Grace for the ball-droppers and rule-followers

IMG_0622Well, folks. I just got done reading the entire week’s worth of Bible reading this afternoon. That’s right. Monday through Saturday reading turned into an hour on the couch on Saturday. In case you were counting how far along we are into the New Year, we’ve yet to break open the second out of twelve months. So, when it comes to goal-achieving — let’s just say, I’m terrible at it.

Also, I had another goal set up for the New Year — write one blog post a week. Seems reasonable and achievable right? RIGHT! Not that anyone is tracking this but uhh, I didn’t write a post last week. So here I am, hands clammy and mind racing for something to write about when I realize, I need to write about what it’s like to need grace. All those little things that remind you for the umpteenth time: you aren’t perfect.

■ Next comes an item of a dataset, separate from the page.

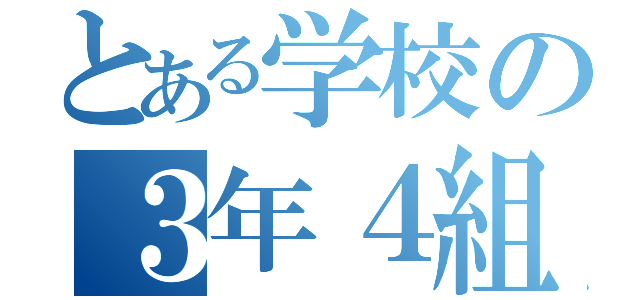 とある学校の３年４組（）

If I look deeper into why I didn’t meet my two simple goals this week and last, it boils down to one thing: priority. In short, I prioritized watching Friends on Netflix and sleeping in until the last possible second over making time for Bible reading or disciplining myself to sit down and write.

The truth about me is I’m a ball-dropper. I’m a “yes-girl” with good ideas and little follow-through. I’m lazy and I struggle to get motivated. I’m scared to write because I’m never satisfied with the end result. I want accolades without effort and pats on the back without putting my time in. I’m selfish and cruel, I think dark and ugly things about other people, I hurt people who mean the world to me. I choose comfort over service 9 times out of 10. I don’t like sharing all of this because it may give you a more realistic view of who I am and that’s always scary. I don’t like letting people in because I know what’s on the other side of small talk and it’s usually uncomfortable.

I’m married to a rule-follower. A disciplinarian like I have never seen. His demons run in the direction of perfectionism, nagging at him to prove to the world that he is  A-B-C or X-Y-Z. He struggles to hold plans loosely, worry can sometimes keep him up at night and he’s constantly haunted by the past. (His paragraph is shorter than mine, but I’m leaving stuff out ok?!)

Yet we’ve both been changed  by grace. Him in his desperate attempts to have it all figured out and mine in my haphazard attempts to please everybody while parading around in a false confidence that everything will sort itself out in the end. Grace reminds us that our sins are no longer counted under the sacrifice of Jesus, even if we like to keep score with each other (Which is so healthy, right? We should get an award for how petty we can be at times.)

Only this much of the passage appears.